Do you think human written language is ‘done’ and will never evolve?

1 comments

I think that most of the changes in Unicode 13 are not from the evolution of human written language. I don't know anyone who's ever written "blueberries" by drawing a picture of some blueberries in the middle of their text.
From the perspective of a person who uses an alphabetical language, such as English, sure Unicode can be "done". But if your language is based on ideograms, like Chinese, then it'll never be "done". As words are created they need to be encoded.
Again, that's great and I understand that (I've studied Japanese), but that's only part of the new version. They're not adding pictures of "mousetrap" and "olives" and "toilet plunger" because any existing language needs to write these.

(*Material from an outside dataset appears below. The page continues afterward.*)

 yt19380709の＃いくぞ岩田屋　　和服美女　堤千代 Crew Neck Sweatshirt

Furthermore, I'm really starting to question the way CJK is encoded. We don't make every English word a separate codepoint. 97% of these CJK ideographs are just different combinations of the same few radicals. Korean seems especially weird, as they have both individual radicals and every precomposed triple (in a block that's been rearranged once or twice, on the basis that nobody was really using it yet). I'm not saying we should nix all precomposed Hanzi/Kanji, exactly, because that's a very convenient way for programs to handle text, but it seems like this system is becoming increasingly awkward for non-western languages.

I feel there's a fundamental flaw when our "universal" text encoding system can't handle the regular creation of new words in a well-understood way, for languages spoken by 1/3rd of the world's population. It's like we're issuing hardware patches for a software problem.

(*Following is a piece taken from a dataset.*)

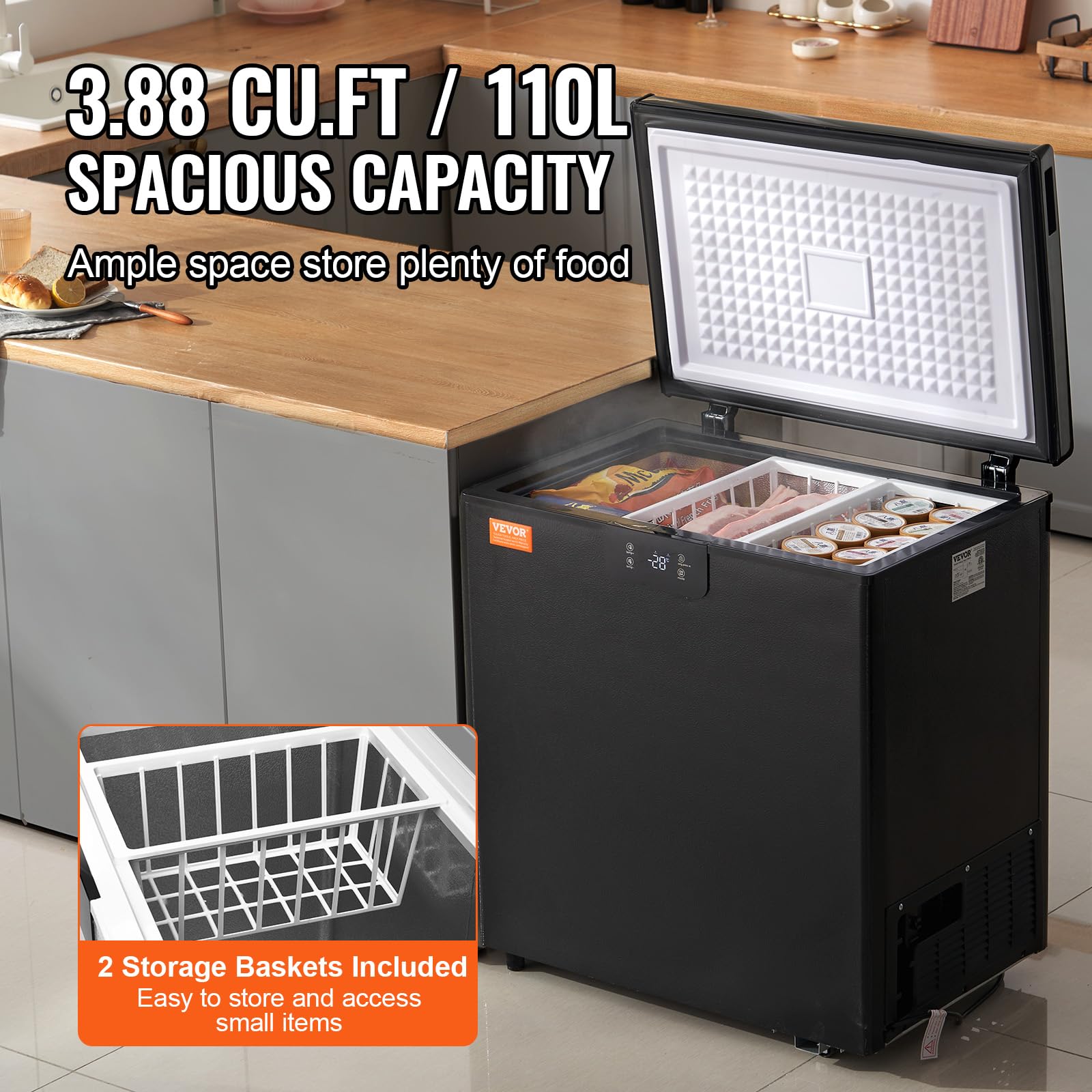 Foto 4 pulgar | Congelador Profundo Compacto Vevor De 110 L/3.88 Pies Cúbicos - Venta Internacional.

It is, I do not like the way CJK is being doubt with. Not to mention fonts dont include All the CJK variants of the fonts when I use the same word but need a JK variant because that is how it was suppose to be used.

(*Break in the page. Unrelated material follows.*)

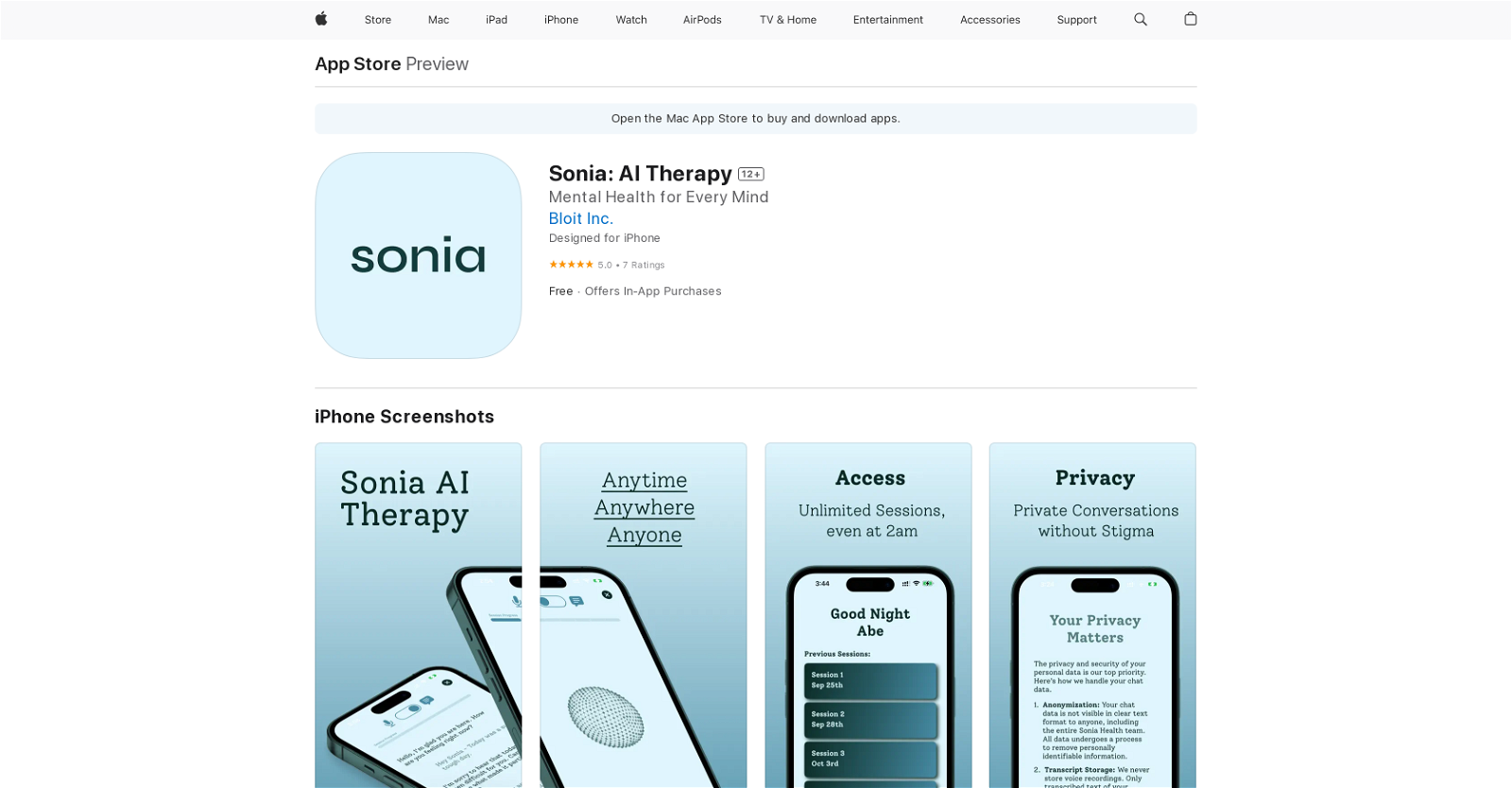 Sonia: AI Therapy website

Even the "C" has traditional and simplified variant.

Fortunately I think Unicode is pretty much done for Alphabetical languages. Someday if CJK design Unicode isn't good enough breaking it off to something better isn't entire impossible.

Emojis literally are an evolution in human written language. They started with youth texting and are now showing up in business emails. I predict that within 50 years we'll see emojis as a routine component of New York Times articles.
Now you're getting into the definition of "writing". I would say I've only seen emoji typed, not written. (Before anyone asks: yes, I've seen cuneiform written. I have some interesting friends.) If you count any visual communication that is typed on a phone under the greater umbrella of "writing", then we could also include colors, styles, orientation, funny fonts, image memes, animation, etc. There's no end to the possible visual communication that people might want to transmit digitally.

Where do you draw the line? I draw it at "anything in or using a language that people might write in the absence of computers, which they would then reasonably want to store and transmit using a computer". I don't include "any possible visual communication that can occur using a computer". That's far too broad to define "text", or be part of any existing "language", which are the stated goals of Unicode.

I'm not going to hold my breath on this one. Emojis have an air of informality that is not appropriate in many circumstances. Imagine writing a death notice with emojis
Well one could use U+1303F.

But you wait until Maya script gets into Unicode. You'll have at least three different Maya codepoints for death. (-: